Sometimes I really don’t know what to say, you know? ……

It’s not like I don’t have things that I want to write about ~ it’s just that the topic seems so huge, where do I even begin?

2016. I have to go back to 2016. For a variety of reasons, it is officially the worst year of my life.

That’s saying something as I’ve had some rough years before, and there were some pretty strong contenders for that title. However, this one takes the cake, the cow, and the blue ribbon.

Usually, at the end of each year and at the start of a new one I like to recap. I’ll look at my goals, see which ones I achieved, and make new ones. I like love making lists ~ starting out with fresh ambitions and a bright new day.

But this year, I have barely crawled out in one piece, so there’s been none of that.

Maybe you’ve been wondering why I haven’t been blogging much, and maybe you haven’t; but this is my story, and I want to share it in hopes that it might help. Not just someone out there, but me too if I’m completely honest. Writing is therapeutic for me, and I’ve missed it.

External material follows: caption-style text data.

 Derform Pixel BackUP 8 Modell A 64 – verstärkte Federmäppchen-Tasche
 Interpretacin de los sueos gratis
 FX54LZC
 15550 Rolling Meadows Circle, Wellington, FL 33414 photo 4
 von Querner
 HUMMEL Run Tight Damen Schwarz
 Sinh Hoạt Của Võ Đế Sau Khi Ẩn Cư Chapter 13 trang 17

So why did I just randomly stop?

It’s a long story. I hope you have a pot of tea nearby, because a cup ain’t going to cut it this time.

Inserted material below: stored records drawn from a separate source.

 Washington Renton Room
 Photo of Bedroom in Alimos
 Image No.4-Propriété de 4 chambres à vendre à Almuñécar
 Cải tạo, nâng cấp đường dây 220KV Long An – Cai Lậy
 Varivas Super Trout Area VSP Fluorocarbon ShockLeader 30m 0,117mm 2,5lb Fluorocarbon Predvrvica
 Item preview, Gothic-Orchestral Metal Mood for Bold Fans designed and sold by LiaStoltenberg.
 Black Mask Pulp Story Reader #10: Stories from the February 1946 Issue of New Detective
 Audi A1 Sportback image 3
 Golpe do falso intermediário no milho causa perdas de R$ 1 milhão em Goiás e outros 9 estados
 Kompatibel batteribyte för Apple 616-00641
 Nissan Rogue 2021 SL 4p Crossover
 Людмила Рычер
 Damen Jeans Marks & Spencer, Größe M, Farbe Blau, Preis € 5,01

Two and a half years ago, when I was six months pregnant with my youngest child, I was diagnosed with Hypothyroidism ~ basically my thyroid gland is not working the way it should, it is not producing the thyroid hormones my body needs.

{Quick side note: The thyroid is part of the Endocrine system which is the collection of glands that produce hormones that regulate metabolism, growth and development, tissue function, sexual function, reproduction, sleep, and mood, among other things.

The endocrine system is made up of the pituitary gland, thyroid gland, parathyroid glands, adrenal glands, pancreas, reproductive systems. So basically, it affects everything.}

As I was pregnant, we couldn’t do much to treat it at the time, but could only support the rest of my body as much as possible. Even still, doing that, I was severely sick throughout the duration of my pregnancy. 36 weeks of all day “morning” sickness. Not fun.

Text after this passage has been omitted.